ASSIGNMENT – Given the material below, output exactly the lines from the line with "Apartamento em Praia" to the line with "2022 Jeep Grand Cherokee Altitude 4x4", both ends included, and no other lines.

RAW DATA –
▬▬▬

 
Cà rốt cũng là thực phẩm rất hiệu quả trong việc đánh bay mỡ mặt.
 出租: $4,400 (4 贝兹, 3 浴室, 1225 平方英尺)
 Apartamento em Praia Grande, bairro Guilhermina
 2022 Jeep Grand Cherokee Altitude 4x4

▬▬▬

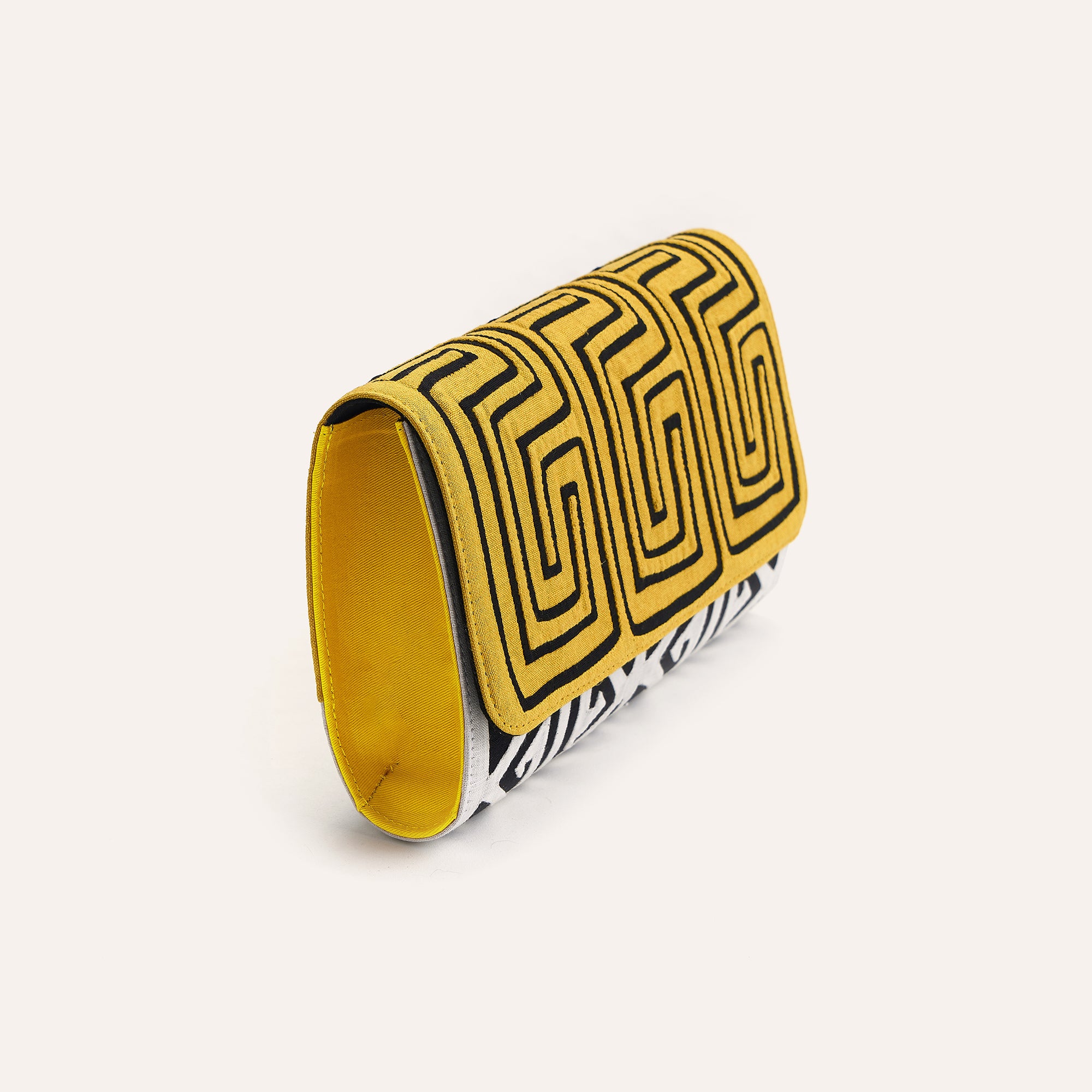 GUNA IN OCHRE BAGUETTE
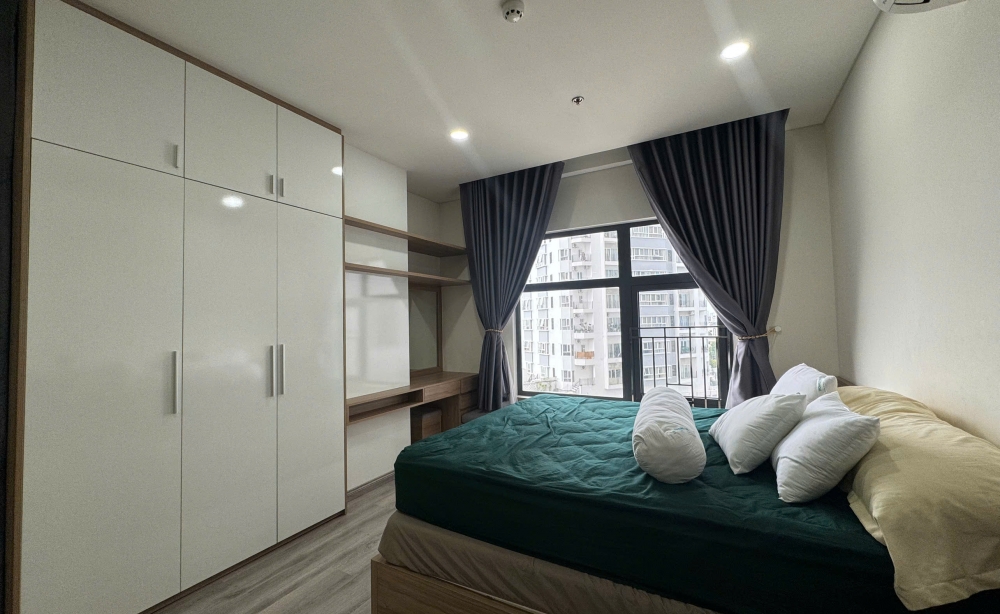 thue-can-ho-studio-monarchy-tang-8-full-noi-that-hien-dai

▬▬▬

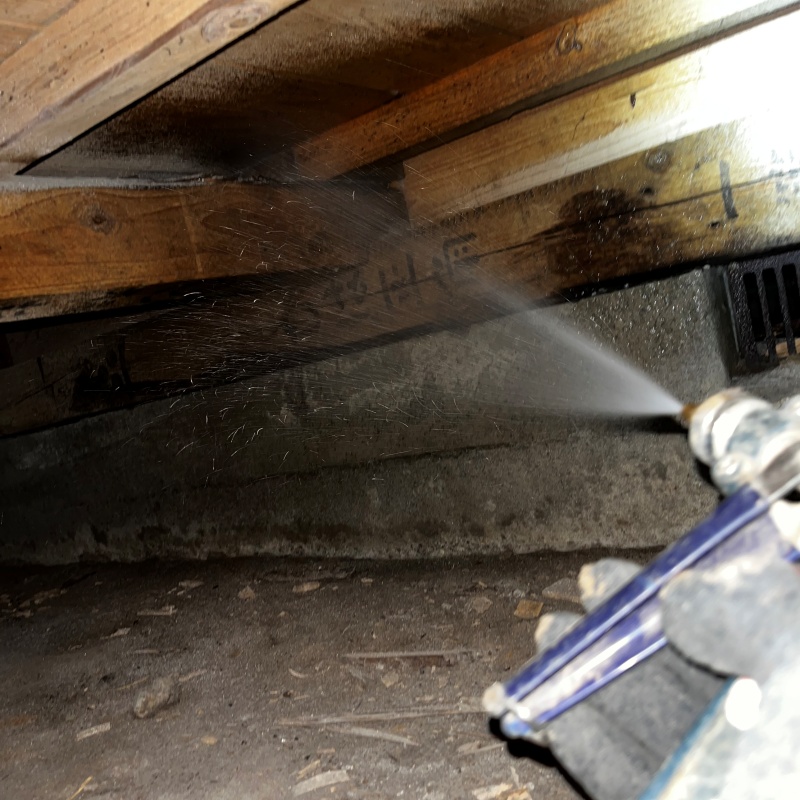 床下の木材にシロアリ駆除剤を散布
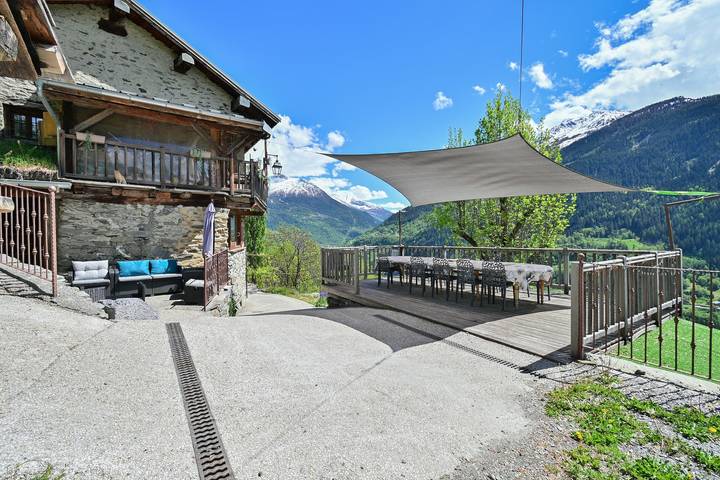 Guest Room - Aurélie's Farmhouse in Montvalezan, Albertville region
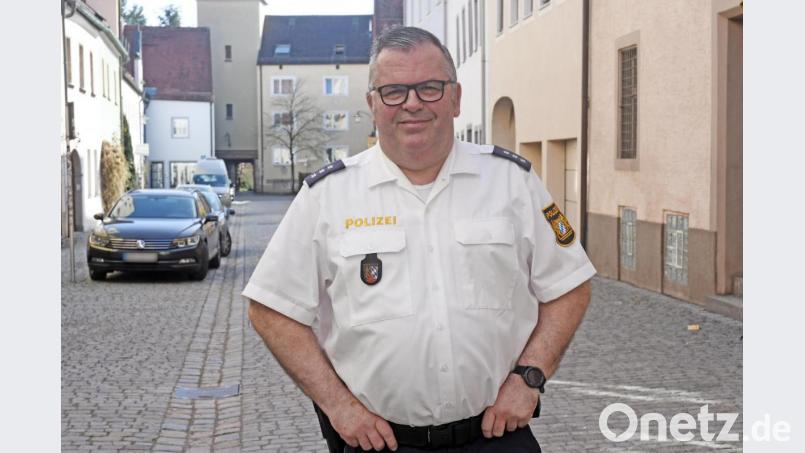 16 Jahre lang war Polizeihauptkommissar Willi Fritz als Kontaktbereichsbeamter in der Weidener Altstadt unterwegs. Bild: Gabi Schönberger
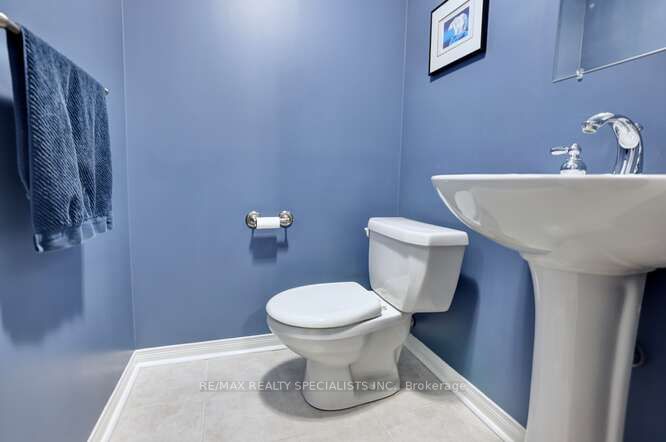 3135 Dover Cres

▬▬▬

WORKED SOLUTION –
 Apartamento em Praia Grande, bairro Guilhermina
 2022 Jeep Grand Cherokee Altitude 4x4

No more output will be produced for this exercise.